Только летом 1948 года мы получили направление на лагпункт Ракпас, где находился Александр Осипович.
Мы давно не виделись. В жизни многое изменилось. Я очень хотела, чтобы не слишком общительный Коля понравился Александру Осиповичу.
От помещения КВЧ фанерной перегородкой Александром Осиповичем был отвоеван чулан — полоска для одиночества. Возле уродливого оконца стоял маленький, сколоченный из досок столик. В темном углу ютился топчан. На небольшой печурке, обогревавшей убогое жилье, победно дымился черный кофе, присылаемый с воли женой Ольгой Петровной Улицкой. Александр Осипович выглядел постаревшим и нездоровым.
Как всегда, вокруг него было множество самых разных людей. Приходили, прибегали, просили уделить им время. Прехорошенькая с фарфоровым личиком Мотя (Мотылек) держалась в стороне.
Я со сцены для Александра Осиповича предстала как сваха в «Хорошем конце» Чехова и как исполнительница рассказа «Династия», который читала от лица старой железнодорожницы.
— Удивила ты меня чрезвычайно, — заключил он. — Неожиданно. И — талантливо.
И, как всегда, — ширь вопросов и тем. От интереса к тому, что с Юриком, со здоровьем, до того, что пароход, на котором он и мы очутились, отклонился от курса на весь разворот градусов.
Он дал мне прочесть журнал «Звенья» — сборник материалов и документов по истории литературы, искусства и общественной мысли XIX века, в котором указал на статью Пиксанова «Дворянская реакция на декабристов».
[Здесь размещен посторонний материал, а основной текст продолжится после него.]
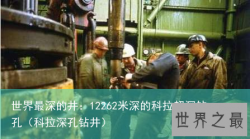 世界最深的井：12262米深的科拉超深钻孔（科拉深孔钻井）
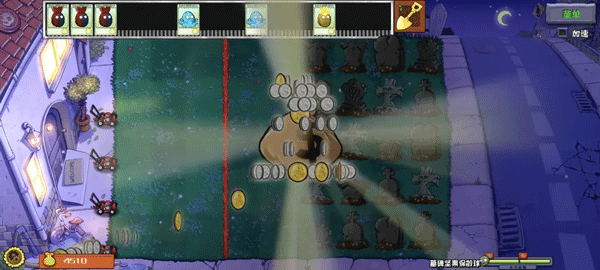 植物大战僵尸杂交版重制版0.7.0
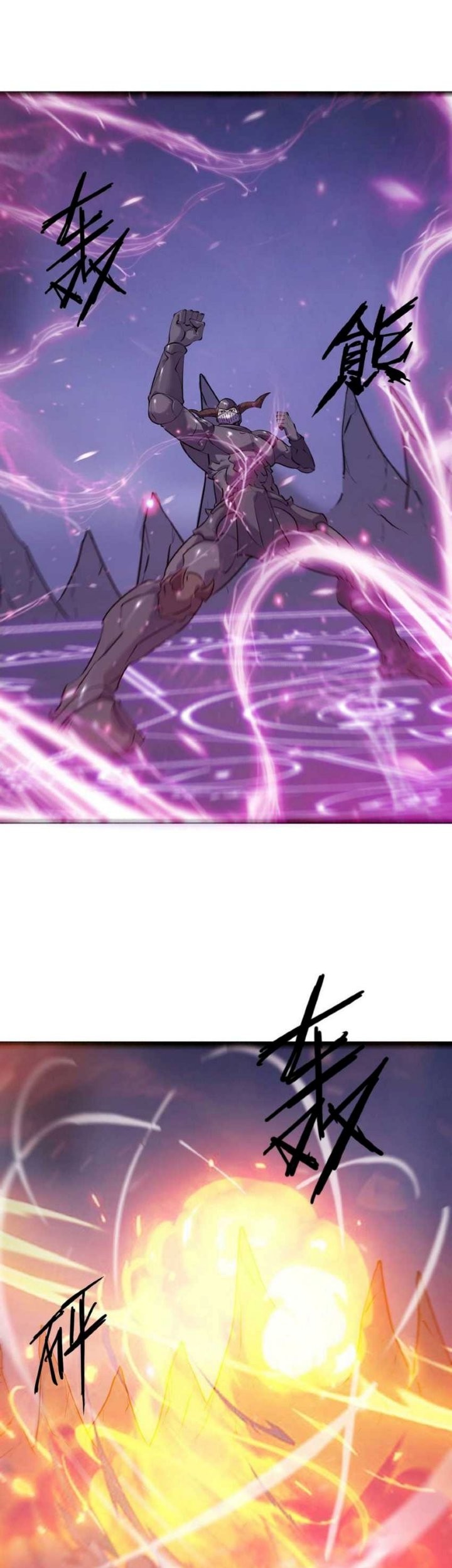 The Strongest Player That Was Forced To Return Chapter 13 Gambar 3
Мне впервые открылся новый план трагизма этих жизней. Отношение отцов к поступкам сыновей, дворянские представления о чести, искреннее раскаяние декабристов, их настоятельная потребность объясниться с царем — все это лавиной обрушилось на меня и ошеломило. Нестерпимо мощная иллюзия, когда чувствуешь, что история оживает, превращаясь в лично всех касающийся урок. Подступ к зрелости, толкающий к деянию, поступку.
В одном разговоре я сослалась на термин Чернышевского, употребила его как аргумент в споре:
— Есть же «новые люди» как достижение истории.
— Не можешь ли ты мне объяснить, что это такое — «новый человек»? — усмехнулся Александр Осипович.
Вроде бы и могла, была еще не согласна с насмешливой улыбкой, но ирония уже внесла поправку: «Действительно, — осеклась я, — „классический“, вечный человек всегда жил и мучился, умел или не умел быть достойным себя».
В один из вечеров вохра не стала нас разгонять, и мы засиделись в дощатом закутке Александра Осиповича до утра. Стояла белая июньская ночь. Он читал нам «Трех сестер». Читал так, как мог только он — прибавив к Чехову себя самого и все наши страдания тоже.
Потрясенные, как будто впервые, мы слушали:
— «Пройдет время, и мы уйдем навеки, нас забудут, забудут наши лица, голоса и сколько нас было, но страдания наши перейдут в радость для тех, кто будет жить после нас, счастье и мир настанут на земле, и помянут добрым словом и благословят тех, кто живет теперь: О милые сестры, жизнь наша еще не кончена. Будем жить! Музыка играет так весело, так радостно, и, кажется, еще немного, и мы узнаем, зачем мы живем, зачем страдаем… Если бы знать, если бы знать!»
Свежий утренний ветерок сотрясал тонюсенькие стволы посаженных на Ракпасе подростков-березок. И так же знобило душу.
Неразъясненные догадки про бытие, едва постигнутые чувством, космически интимно звучали в искусстве? Что же оно? И где границы между ним и жизнью?